In the first nine months of 2025, the market backdrop for the Company showed increases in estimated U.S. credit market volumes, with U.S. high-grade and U.S. high-yield market average daily volume up 9.0% and 21.0%, respectively, compared to the prior year. However, despite an increase in volatility during March and April, credit spreads and credit spread volatility remained at relatively low levels throughout much of 2025. With regard to the international products traded on our platforms, estimated market volumes of emerging markets and eurobonds increased significantly compared to the prior year.
Because the majority of our assets are short-term in nature, they are not significantly affected by inflation. However, the rate of inflation impacts our expenses, such as employee compensation, technology and communications expenses, which may not be readily recoverable in the prices of our services. To the extent inflation has other adverse effects on the securities markets or the economy, our financial position and results of operations may be adversely affected.
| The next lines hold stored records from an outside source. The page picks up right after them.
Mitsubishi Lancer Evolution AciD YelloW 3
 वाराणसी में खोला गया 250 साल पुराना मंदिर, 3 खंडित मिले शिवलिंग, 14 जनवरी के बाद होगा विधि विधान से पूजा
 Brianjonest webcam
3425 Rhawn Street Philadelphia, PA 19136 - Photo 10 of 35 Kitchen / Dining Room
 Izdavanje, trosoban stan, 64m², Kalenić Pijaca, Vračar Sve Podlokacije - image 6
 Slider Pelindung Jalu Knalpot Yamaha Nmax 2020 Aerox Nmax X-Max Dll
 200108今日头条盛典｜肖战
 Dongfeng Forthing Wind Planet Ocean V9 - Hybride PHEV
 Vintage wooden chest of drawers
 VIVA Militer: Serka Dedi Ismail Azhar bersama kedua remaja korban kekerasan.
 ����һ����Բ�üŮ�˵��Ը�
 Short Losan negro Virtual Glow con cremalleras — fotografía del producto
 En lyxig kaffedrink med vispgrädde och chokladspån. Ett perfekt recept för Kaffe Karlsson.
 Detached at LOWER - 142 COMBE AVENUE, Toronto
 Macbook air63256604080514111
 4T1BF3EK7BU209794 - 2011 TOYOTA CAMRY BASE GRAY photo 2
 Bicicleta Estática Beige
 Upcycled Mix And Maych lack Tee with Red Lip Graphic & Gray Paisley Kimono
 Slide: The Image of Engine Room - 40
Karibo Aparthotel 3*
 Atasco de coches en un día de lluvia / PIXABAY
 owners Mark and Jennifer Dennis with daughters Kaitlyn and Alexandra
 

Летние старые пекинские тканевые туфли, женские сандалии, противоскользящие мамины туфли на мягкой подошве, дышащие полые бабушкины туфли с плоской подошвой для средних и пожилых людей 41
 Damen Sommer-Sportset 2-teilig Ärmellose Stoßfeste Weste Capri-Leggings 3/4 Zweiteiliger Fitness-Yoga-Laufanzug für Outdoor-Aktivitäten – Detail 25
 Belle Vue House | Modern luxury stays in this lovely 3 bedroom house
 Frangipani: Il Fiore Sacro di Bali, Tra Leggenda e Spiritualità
On July 4, 2025, the One Big Beautiful Bill Act (the “OBBBA”) was enacted into law in the United States. The OBBBA made significant changes to existing U.S. federal and international tax provisions. The most impactful provisions to our business include the immediate expensing of domestic U.S. research. The OBBBA may have various impacts which are complicated by their different effective dates and many elections available in the OBBBA, as well as uncertainties around U.S. states’ reactions to these federal tax law changes. The OBBBA did not have a material impact on our effective tax rate.
We expect that current cash and investment balances, in combination with cash flows that are generated from operations and the ability to borrow under our Credit Agreement, will be sufficient to meet our liquidity needs and planned capital expenditure requirements for at least the next twelve months. We ended the quarter with $749.9 million in available borrowing capacity under the Credit Agreement and capital significantly in excess of our regulatory requirements.
Competitive Landscape
The global fixed-income securities industry generally, and the electronic financial services markets in which we engage, in particular, are highly competitive, and we expect competition to intensify in the future. Sources of competition for us will continue to include, among others, bond trading conducted directly between broker-dealers and their institutional investor clients over the telephone or electronically and other multi-dealer or all-to-all trading platforms. Competitors, including companies in which some of our broker-dealer clients have invested, have developed or acquired electronic trading platforms or have announced their intention to explore the development of electronic platforms or information networks that may compete with us.
We primarily compete on the basis of our client network, the liquidity provided by our dealer, and, to a lesser extent, institutional investor clients, the total transaction costs and fees associated with our services, the breadth of products, protocols and services offered, as well as the quality, reliability, security and ease of use of our platforms. We believe that our ability to grow volumes and revenues will largely depend on our performance with respect to these factors.
There has been increased demand for portfolio trading workflows over the last few years, which has resulted in heightened competition among trading platforms to enhance their portfolio trading offerings and expand them across different geographies and products. Clients have been using portfolio trading workflows in lieu of more established trading protocols designed to generate price competition on individual bonds. Our dealer clients have also increased their usage of matching sessions offered by competing platforms in recent periods. To the extent that our clients increase their use of portfolio trading and matching session protocols offered by other platforms, our market share could decrease. Due to the large size of the trades and the concentration of activity at the end of the month, portfolio trading can drive significant swings in trading volumes and estimated market share. Furthermore, portfolio trading is generally provided under a lower-fee structure than other protocols and the growth of portfolio trading on our platform will likely have a negative impact on our average credit variable transaction fee per million.
Our competitive position is enhanced by the unique liquidity provided by our Open Trading functionalities and the integration of our broker-dealer and institutional investor clients with our electronic trading platforms and other systems. We have focused on the unique aspects of the fixed-income markets we serve in the development of our platforms, working closely with our clients to provide a system that is suited to their needs.